An autoencoder learns:

•Encoder: f_θ: ℝᴰ → ℝᵈ
•Decoder: g_φ: ℝᵈ → ℝᴰ

with embedding z = f_θ(x) and reconstruction x̂ = g_φ(z).

Typical loss:

L(θ, φ) = ∑ᵢ ‖xᵢ − g_φ(f_θ(xᵢ))‖²

or for images, sometimes cross-entropy / perceptual losses.

This criterion is task-agnostic but not “semantics-agnostic”: the learned z depends strongly on network architecture, bottleneck size d, regularization, and data.

Choosing a criterion: a decision table

If you need…	Preserve…	Typical choice	Notes
Fast linear compression, denoising, baseline	Variance / reconstruction (linear)	PCA	Strong baseline; interpretable components
2D/3D visualization of clusters	Local neighborhoods	t-SNE, UMAP	Do not over-interpret global geometry
Approximate distance geometry	Pairwise distances	MDS / Isomap	Hard in very low d; can distort heavily
Nonlinear features for downstream models	Reconstruction + regularization	Autoencoder / VAE	Parametric; can embed new data

A practical workflow is often: PCA → (optional) t-SNE/UMAP for visualization; or PCA → autoencoder for nonlinear compression.

Core Mechanic 2: Mapping Mechanisms (How do you produce the embedding?)

Why mapping mechanisms matter

Two methods can preserve “local neighborhoods,” but one may:

•produce an explicit function f you can apply to new points,
•or only provide coordinates for the training set.

This matters whenever you want to deploy an embedding in production, feed it into a classifier, or update it as new data arrives.

Mechanism A: Linear projections

The simplest parametric mapping:

f(x) = Wᵀ(x − μ)

Properties:

•Fast: O(Dd) per point.
•Stable and deterministic.
•Limited expressivity: only rotates/scales along a linear subspace.

When it shines:

•Data is approximately linear (or you only need a coarse compression).
•You want interpretability (loadings show feature contributions).

Mechanism B: Kernel methods (brief positioning)

Kernel PCA (and related methods) implicitly map data to a high-dimensional feature space via a kernel k(x, x′) and then do PCA there.
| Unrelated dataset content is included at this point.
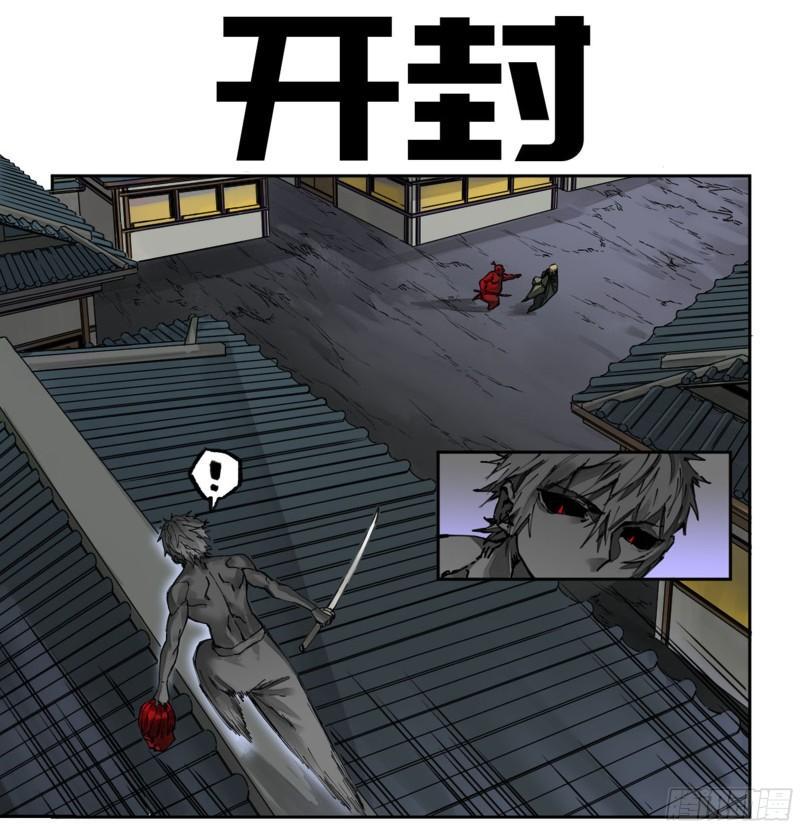 传武韩漫全集-第二卷 101 开封无删减无遮挡章节图片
It enables nonlinear embeddings while keeping an eigenvector-based formulation.

Tradeoffs:

•Often nonparametric-ish: embedding new points requires computing kernel values to many training points.
•Scaling is challenging for large n.

This node focuses on PCA/t-SNE/autoencoders, but kernel ideas explain a common theme: nonlinear geometry without explicit neural networks.
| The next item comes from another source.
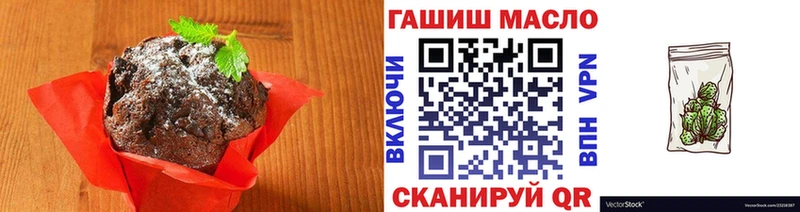 Печенье с ТГК марихуана где купить наркоту Нестеров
Mechanism C: Nonparametric neighborhood embedding (classic t-SNE)

Classic t-SNE learns {zᵢ} directly for the dataset. There is no explicit f.

Consequences:

•Great for a one-off visualization.
•Awkward for production: to embed a new point x_new, you typically:
•rerun t-SNE with all points (costly), or
•use approximations (parametric t-SNE, training a regression model from x to z, etc.).
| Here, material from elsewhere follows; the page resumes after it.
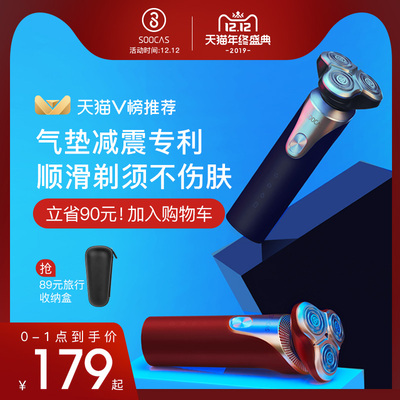 素士凌朗S3电动剃须刀男充电式智能旋转式全身水洗郭艾伦电刮胡刀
So, think of t-SNE as: optimize coordinates, not a function.

Mechanism D: Neural network encoders (autoencoders)

An autoencoder defines an explicit parametric mapping f_θ.

A typical structure:

•Encoder: x → (Dense/Conv layers) → bottleneck z
•Decoder: z → (mirrored layers) → reconstruction x̂

Because f_θ is explicit:

•New data embeddings are easy: z_new = f_θ(x_new)
•You can fine-tune or continue training.

But because it is flexible:

•It may learn “shortcuts” that reconstruct without producing a nice latent space.
•Regularization becomes important.

Regularizing the mapping (making embeddings usable)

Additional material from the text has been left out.